Over the past decade, the country has steadily expanded internet connectivity, mobile penetration, digital financial services, and innovation hubs that support entrepreneurs. Kampala has emerged as one of East Africa’s growing startup communities, supported by technology incubators, university innovation programmes, and increasing collaboration between government and the private sector. Uganda’s youthful population, rising smartphone adoption, and expanding digital economy have created favourable conditions for technology-driven businesses to emerge.
The country’s ambitions also align with broader trends shaping Africa’s technology landscape.
Despite a more cautious global investment environment, African startups raised $1.44 billion during the first half of 2026, slightly surpassing the $1.42 billion recorded during the same period in 2025. While the number of deals declined, investors wrote larger cheques, signalling continued confidence in companies building long-term infrastructure rather than short-term consumer products. Equity funding reached $818 million, while debt financing accounted for $614 million, highlighting growing investor interest in capital-intensive sectors such as energy, mobility, and financial infrastructure.

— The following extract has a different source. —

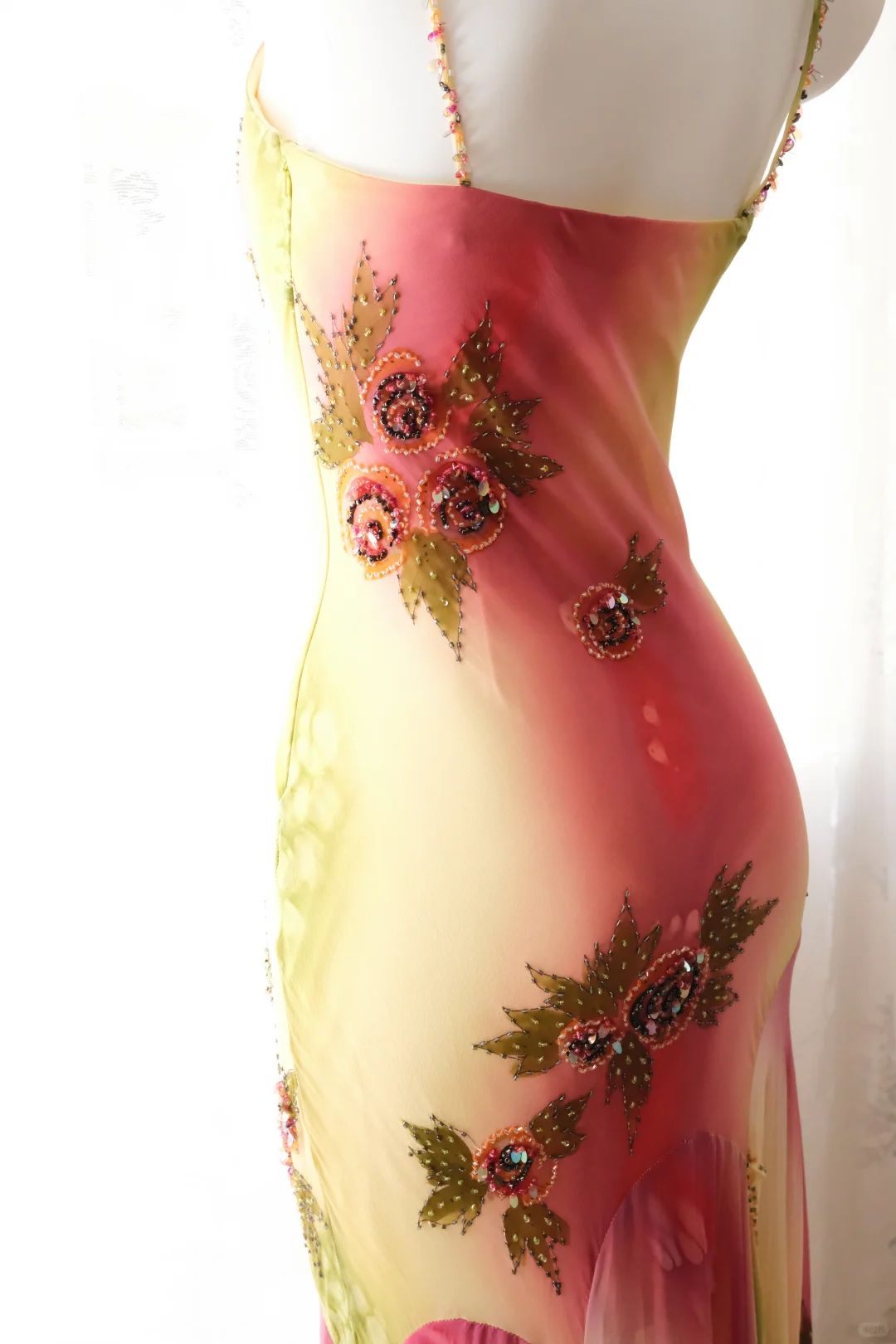 Women Vintage Ombre Chiffon Long Formal Dress Spaghetti Straps Sweetheart Neck Hand-Beaded Floral Irregular Ruffle Hem Evening Gown gh9575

This shift is particularly significant for companies like GSX.
Rather than competing directly with fintech applications that consumers use daily, the company is building the underlying rails that could enable governments, banks, fintech firms, and enterprises to settle transactions more efficiently. Its vision extends beyond payments to include digital currencies, compliance infrastructure, identity verification, and tokenised financial assets capable of moving seamlessly across borders.

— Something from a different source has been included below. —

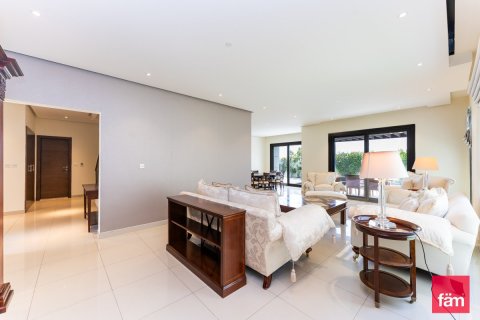 6 bedrooms Villa in Al Furjan, UAE No. 142682 17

For Uganda, attracting companies developing foundational technology rather than purely consumer-facing applications could strengthen its position within Africa’s digital economy. Financial infrastructure typically creates wider economic spillovers by enabling investment, improving market efficiency, reducing transaction costs, and supporting international trade.
The country’s appeal is also strategic. Compared with more mature startup ecosystems where competition is intense, Uganda offers room for governments, regulators, and private innovators to collaborate in shaping next-generation financial systems from the ground up.

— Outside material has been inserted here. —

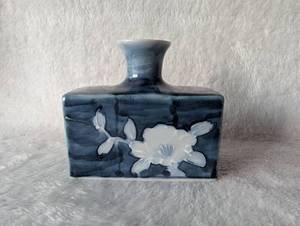lot 2507 image: Japanese Mini Porcelain Floral Vase - 4 in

Whether GSX ultimately succeeds will depend on execution, regulatory cooperation, and market adoption. Blockchain infrastructure remains an evolving sector, and many governments continue to assess the opportunities and risks associated with digital currencies and tokenised assets.
Yet the company’s growing investment in Uganda highlights a larger reality. Africa’s next technology story may not be written solely by consumer apps or unicorn startups. Increasingly, it may be shaped by the companies building the invisible infrastructure that enables money, assets, and commerce to move more efficiently across the continent.
As Africa’s digital economy matures, Uganda is making a compelling case that it intends to be more than an emerging market for technology. It wants to become one of the places where the continent’s next generation of financial infrastructure is built.